Healer Highlight: The Indigenous Wisdom of the Curandera Tradition

Felicia’s story

Felicia Cocotzin Ruiz has been steeped in the curanderismo tradition since her childhood. Now, her work as a Kitchen Curandera and author of upcoming book Earth Medicines carries on the tradition of her elders and ancestors.

Ruiz defines curanderas as traditional healers who carry knowledge of foods, herbs, and cultural remedies for working with the body, mind, and spirit.

Growing up in Arizona and frequently visiting family in Northern New Mexico, she watched her great-grandmother making healing preparations for the family and the wider community.

“My great-grandmother was my first teacher in that she was the one who took me out to first wildcraft as a little girl, helping me to understand that the plants in our landscape were healing plants for our skin, our hair, our respiratory system,” she says.

This wasn’t knowledge from books or formal schooling, but the wisdom passed down through generations in her blended family of Spanish, Mexican, and Pueblo heritage.

“My curiosity for plants has been my entire life, for plants and food and natural healing ways. I’ve always been just enamored by plants in general,” she says.

Ruiz started her own journey of healing work in her early 20s. For her, this was as much the beginning of her education as it was a journey backward into her lineage, ancestry, and roots. Before any formal training took place, Ruiz began by talking with elders in her community.

With the death of her brother, Ruiz took the leap into following the healing path.

“He was the one who really nudged me, because I would massage his feet and his legs when he was in the hospital. He said ‘You should really think about becoming a massage therapist. You’re just naturally good at it, you know, you have good energy,’ and that honestly was one of the last conversations we had,” she says.

After that, Ruiz left college where she had been studying art. Already curious about natural healing ways, she was spurred on by the words of her brother.

“In some ways it was a way of honoring his wish to see me try this, and so I did,” she says.

In massage school, Ruiz was surprised to discover similarities between the curriculum and what she had been taught by her grandmother.

Ruiz witnessed a guest lecturer demonstrating Reiki, or energy healing, and remembers recognizing the technique as something she had seen her grandmother do many times.

“I was like ‘Whoa, we’re learning things that my grandma did but it just has a different language to it,’” she says. “That’s what my grandmother did, and that’s what I’ve seen other people do, but we didn’t call it Reiki.”

That was the beginning of Ruiz’ understanding that many of the healing modalities available were actually based in Indigenous ways.
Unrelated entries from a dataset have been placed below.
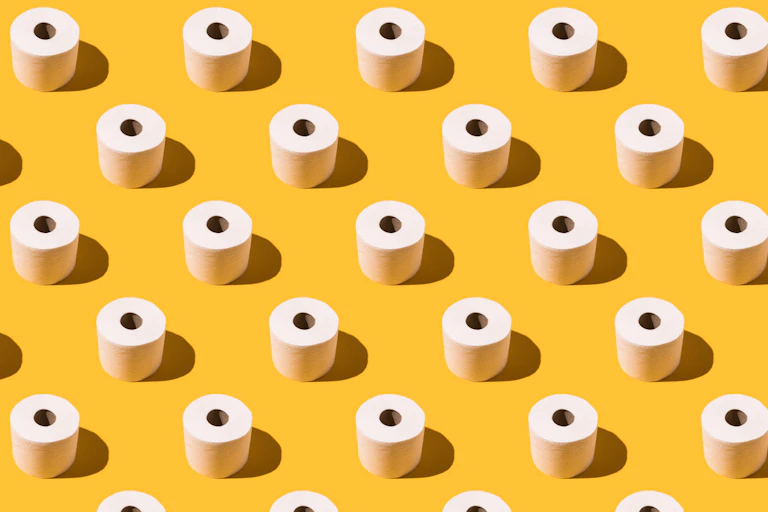 Rolls of toilet paper arranged in diagonal rows on yellow background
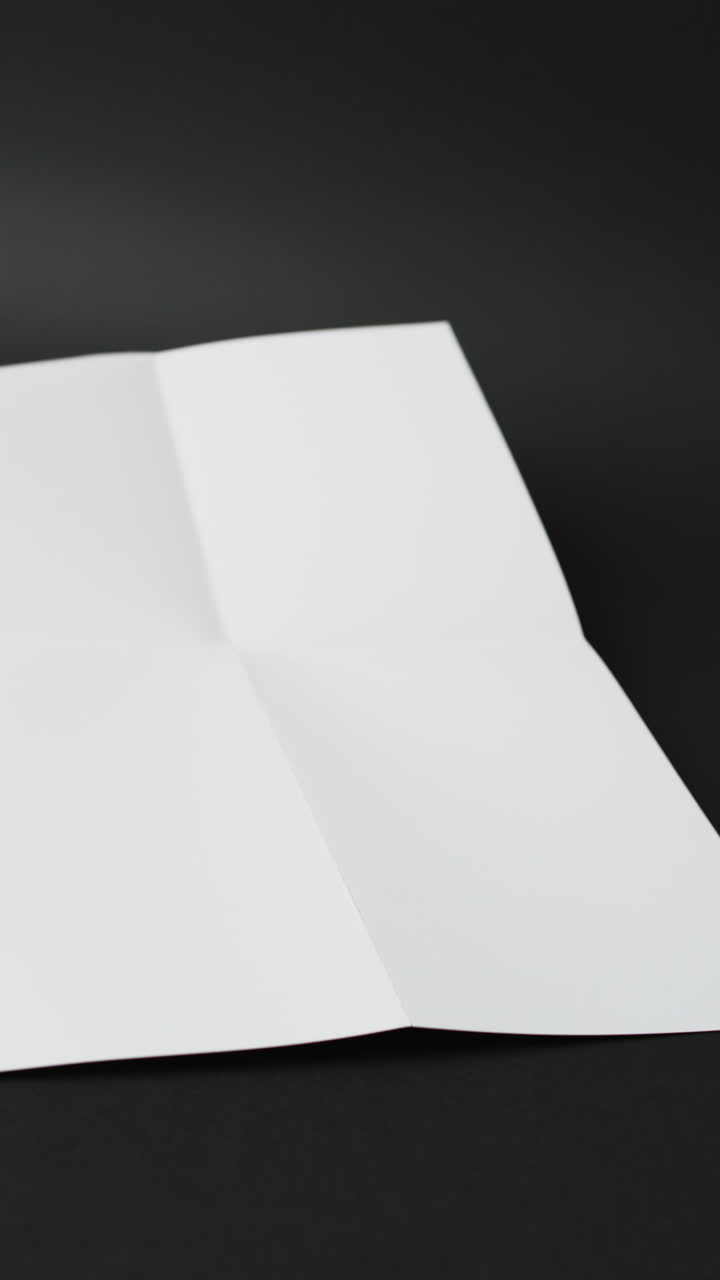 Vertical video of piece of white paper with creases on black background
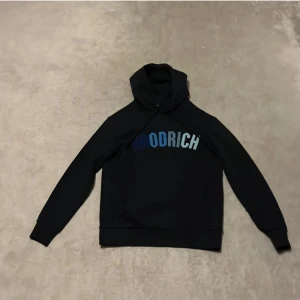 Svart hoodie från Woolrich - Snygg svart hoodie från Woolrich med blå text på bröstet. Perfekt för en avslappnad stil. Den har en klassisk huva och långa ärmar.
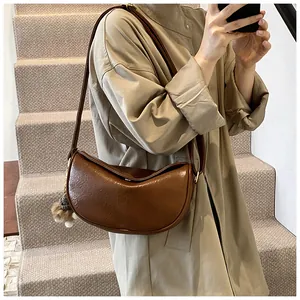 Close-up of a brown crescent shoulder bag with a pom-pom charm on a beige trench coat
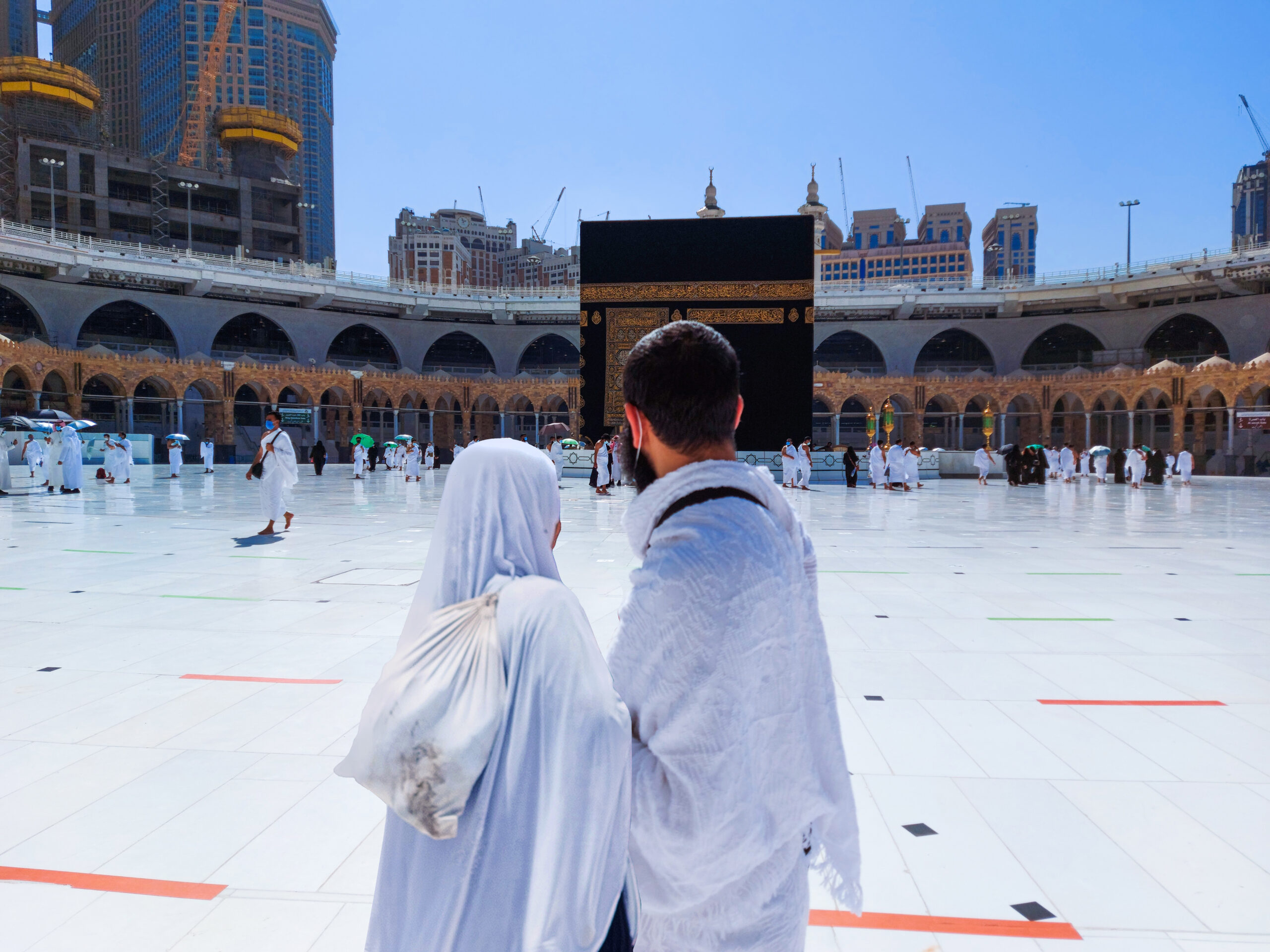 hajj, Umrah, Kaaba, muslim man and woman facing the Kaaba,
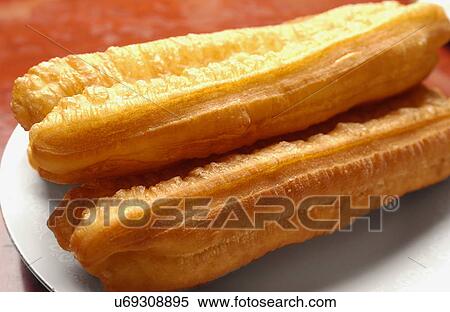 Chinese fried bread sticks on plate, close up View Large Photo Image Stock Photography - Chinese fried bread sticks on plate, close up. Fotosearch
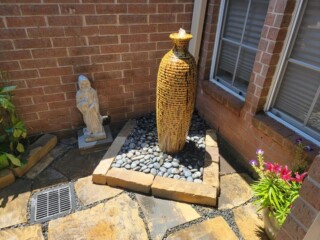 Disappearing ceramic jar water feature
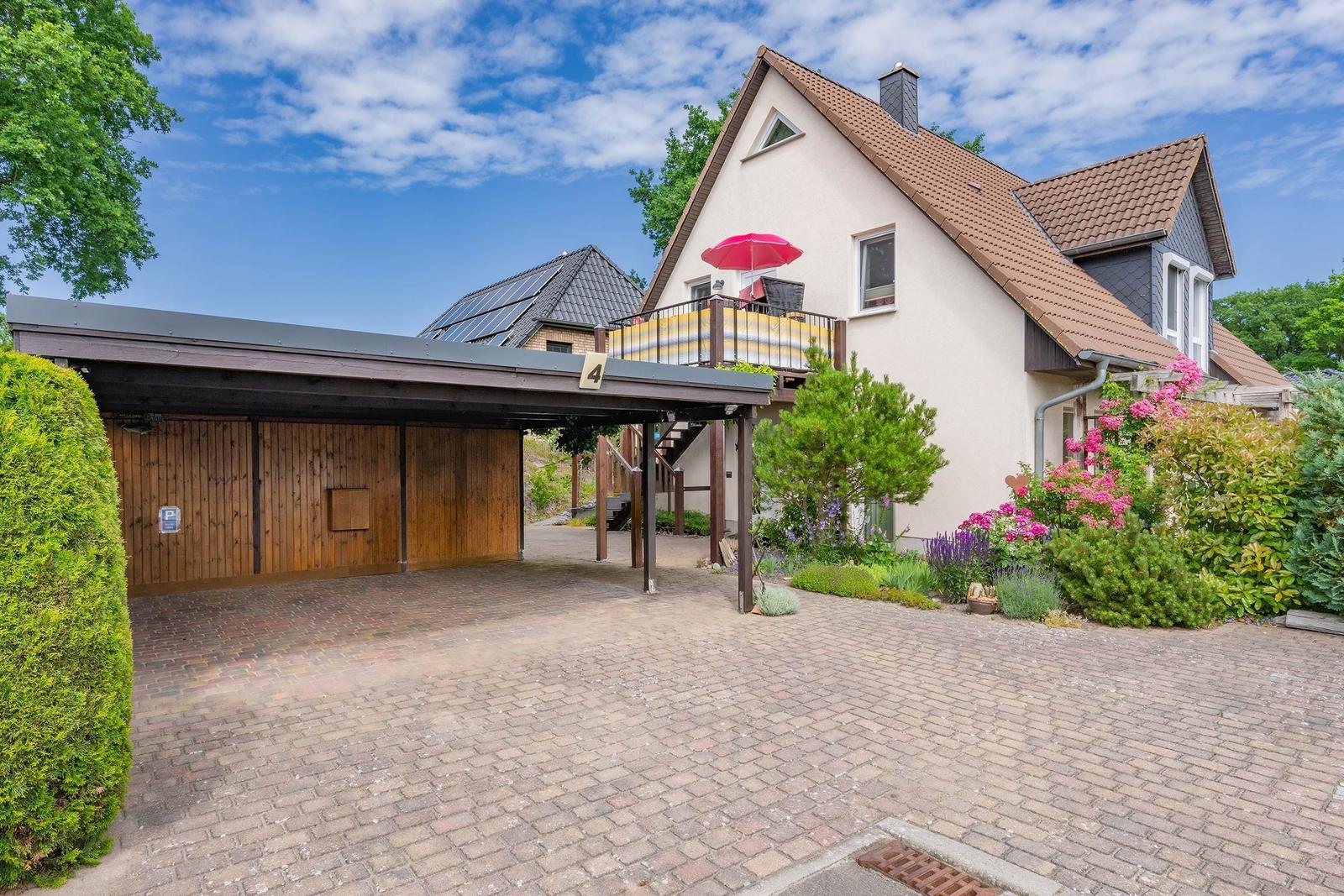 Haus mit Terrasse, rotem Sonnenschirm und gepflasterter Hof. Garten mit Blumen und Bäumen.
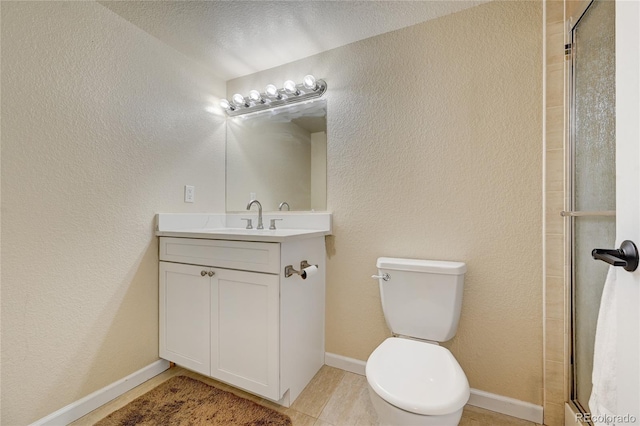 bathroom featuring toilet, tile patterned flooring, a shower with shower door, and vanity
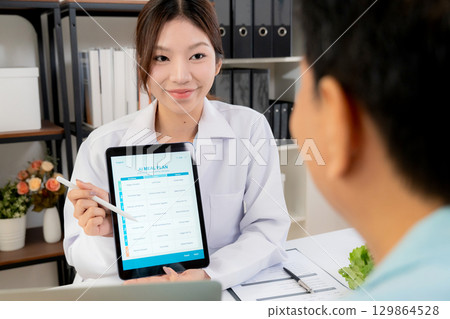 Asian nutritionist using tablet to explaining personalized meal plan with AI to patient. Asian nutritionist using tablet to explaining personalized meal plan with AI to patient. 129864528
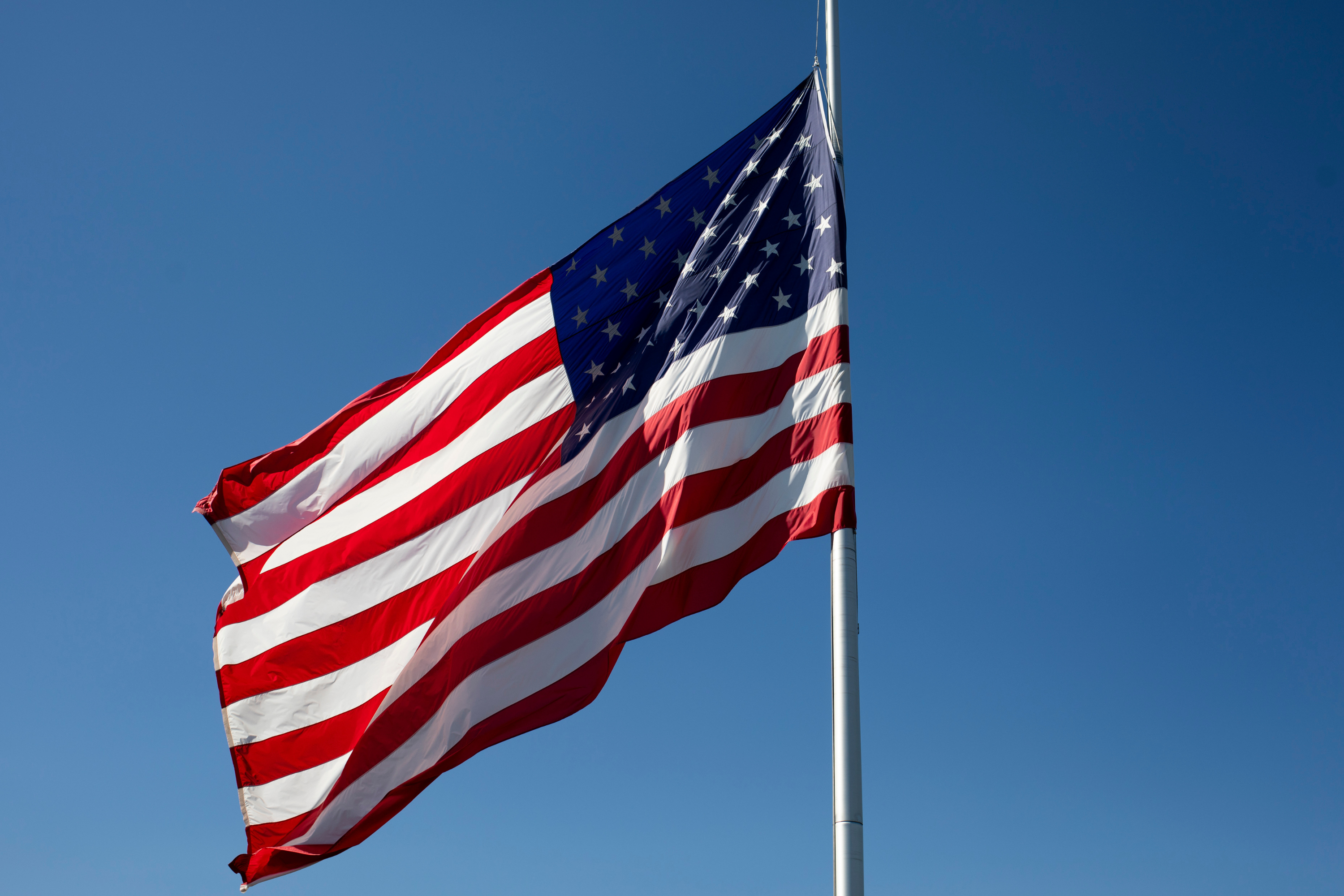 Why Flags Are Half-Staff in Six States Today, This Weekend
Some of them, she says, were simply being repackaged and resold.

Share on PinterestPhotography by Nicky Hedayatzadeh

The curanderismo tradition

Curanderismo itself is the culmination of a number of different Indigenous practices. Many of these traditions blend together and inform one another, both because of proximity and the legacy of colonization.

“A lot of the traditions are actually very, very similar,” says Ruiz. “I found teachers… specifically that worked in the same tradition so they could help me on my path of learning.”

Ruiz emphasizes that she doesn’t consider her tradition a blend of Mexican and Native American heritage.

“It’s kind of like we’re putting an arbitrary border saying if you live on this side you’re Mexican and if you live on this side you’re Native American, and we don’t see it that way. I think white culture sees it that way,” she says.

According to Ruiz, the Mexican-United States border was placed in the middle of a Tohono Oʼodham village when it was drawn.

“On one side are Mexican nationals who speak Spanish and their Oʼodham language, and literally on the other side of the fence they’re considered American nationals and they speak English and Oʼodham,” she says. “So many of us, we just identify as being Indigenous but not necessarily Native American or Mexican.”

Growing up in the Indigenous community, Ruiz remembers an ever-present understanding of home wisdom, or knowledge of kitchen medicine. It was something that was simply a part of life.

“I remember being around 13 or so, and I had a really bad stomach flu. My neighbor who lived across the street, I think she was originally from Michoacán, she came to my mother and brought her charred corn tortillas,” says Ruiz. “She made a kind of drink with the charcoal from the corn tortilla and had me drink that.”

Today, charcoal tablets are easy to find on store shelves as a remedy for stomach upset.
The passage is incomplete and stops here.